Describe the solution you'd like.
Config.navigation.override
could abort navigation if its return value is null
.
This would not drastically modify its current behaviour as it would still forward the player to the default destination on other falsy values.
I assume null
is a better candidate than false
as the latter is more likely to break existing projects.
Why?
It would enable tag-based access to passages.
Let's say a passage bears the combat
tag, this would bring up a "You cannot fight!" dialog if the player doesn't have a weapon...
In a similar vein, I am working on some code to use passages as dialog content: navigating between dialog
-tagged passages displays their text content in the current dialog window without causing navigation.
This is doable without any form of override, but the draw lies in the fact it wouldn't recquire any special link or macro to do so, only some logic to check if the destination passage bears a given tag.
I'm confused why you would be using the Config.navigation.override
setting for such functionality when it would be easy to achieve such using the no-Target-Passage variation of the <<link>>
macro.
The benefit of Config.navigation.override
is that it centralizes case-based navigation across links, buttons, bracket links and input elements.
As I alluded to earlier, building a check in every interactive element is not a scalable approach (and not doable for <<textbox/numberbox>>
).
Of course the issue can be alleviated by using a widget or custom macro as the main mean of passage navigation, but the same could be said for Config.navigation.override
as a whole.
This is not what the navigation override is for, which is to seamlessly allow a navigation destination to be overridden.

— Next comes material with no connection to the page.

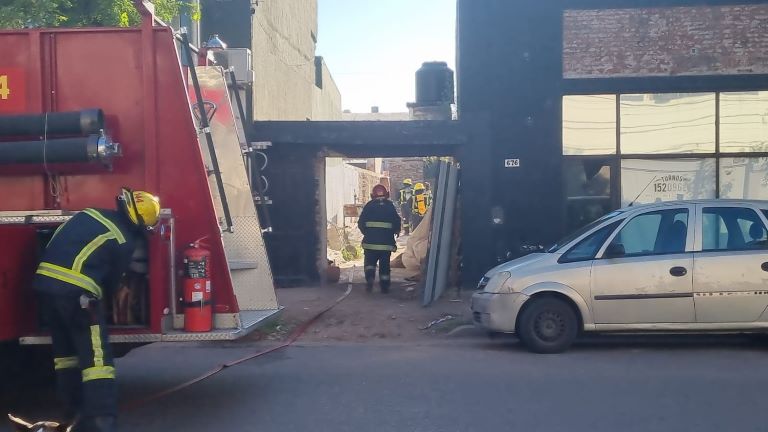 General Pico: Operario sufrió graves quemaduras en una explosión e incendio en el centro de la ciudad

If the end goal is to determine whether navigation or something else occurs, then not starting the navigation process at all is much better than attempting to cancel it in the middle.
End users already have the ability to simply and precisely control what links—<<link>>
, <<button>>
, custom macros, etc.—do by calling a function or widget within, thus keeping all the logic in one place. You can't use the link markup, no, but that's hardly an imposition.